7.2: Feature Importance of Tree Models
Tree-based models are of two types.
The first type is bootstrapped aggregated models. It consists of individual
decision trees. The final prediction is averaged prediction from all individual
trees. Random forests are a bootstrapped aggregation model. Boosting models are
a series of connected models. They correct the error of previous decision
trees. An example of boosting model is Xgboost.
It is easy to interpret a single
decision tree by looking at the tree diagram. We can identify most and least
important features from the visualization and we can use most important
features and discard the rest. Tree models also have a built-in feature
selection method. We can select the best features to split on when building
trees. But this isn't foolproof and often leads to overfitting.

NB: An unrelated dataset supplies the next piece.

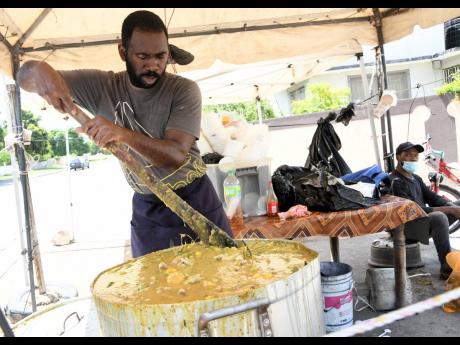 Clifton James stirs a massive pot of piping-hot soup along Bay Farm Road in Kingston on Friday. James is concerned that the tightened curfew hours that take effect today will cramp business.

For bagging and boosting models,
feature importance can be calculated for each feature individually. Feature
importance is measured by calculating the weighted impurity decrease at each
node by the number of examples at the node, for each decision tree. Resultant
weighted impurities from all individual trees are averaged for features.
Feature level averaged weighted impurities are normalized so that they add up
to 1. Feature importance thus obtained, can be used for feature selection.

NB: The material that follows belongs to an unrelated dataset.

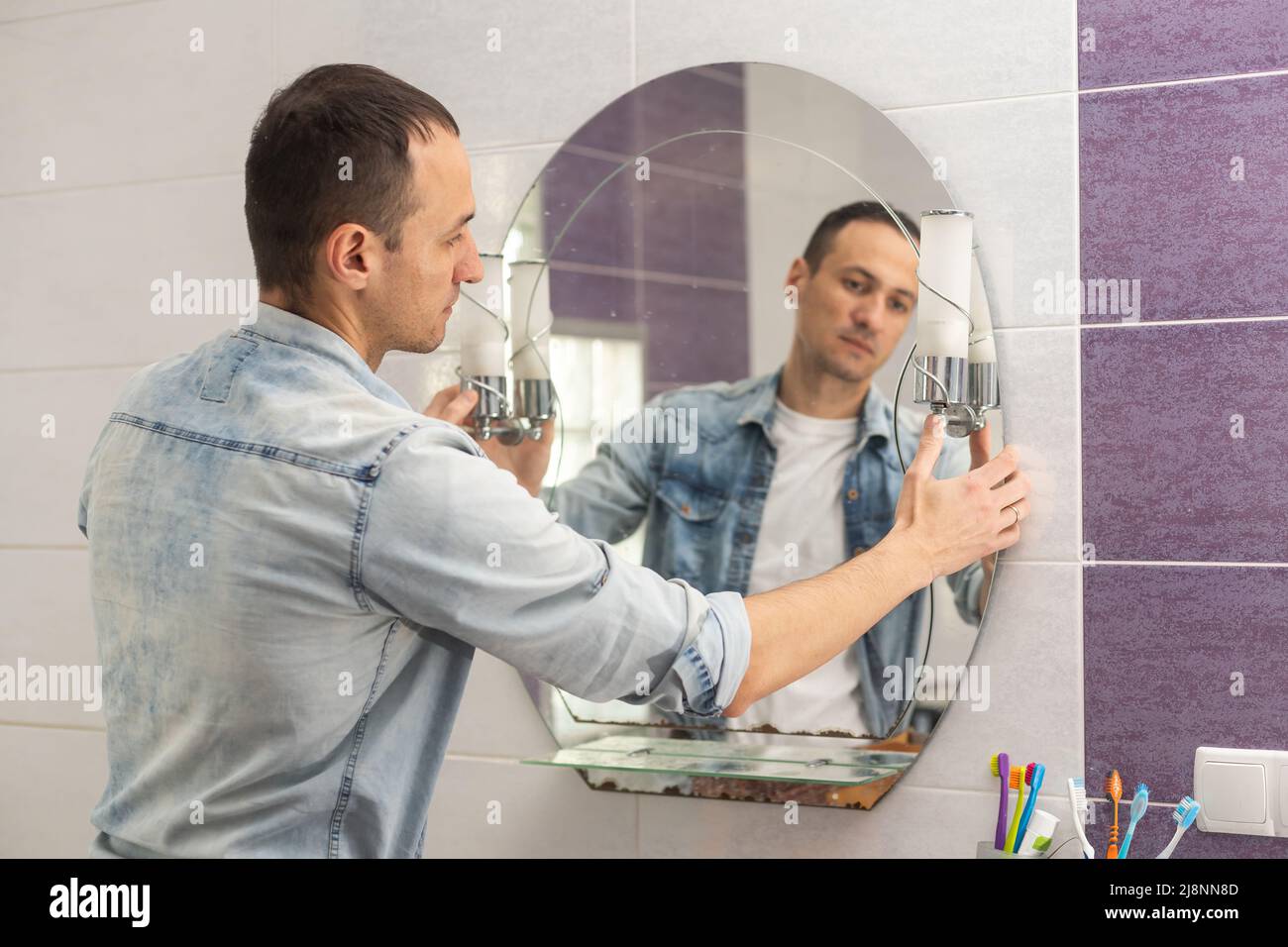Handyman installing a mirror in bathroom Stock Photo Alamy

There are a few caveats to using feature
importance in tree-based models for feature selection.
1) Feature importance is always
relative to the feature set used and does not tell us anything about the
statistical dependence between the target and features.

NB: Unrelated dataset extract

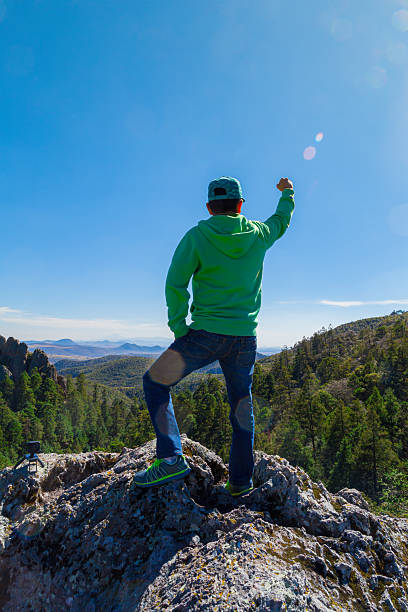 Young adult hiker stands triumphantly on a rocky peak, overlooking the lush landscape of peñas cargadas, hidalgo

2) Feature importance does not take
into account co-dependence among features. As a result, it might not represent
the correct extent of feature importance.
3) Feature importance cannot be
interpreted as a direct dependence between the predictor and target.
4) If the model is weak and cannot
generalize well on test or validation data, then feature importance becomes
less reliable to use for feature selection.
Despite all the caveats, the less
computational time needed for tree models could make it a convenient method for
feature selection for tree models.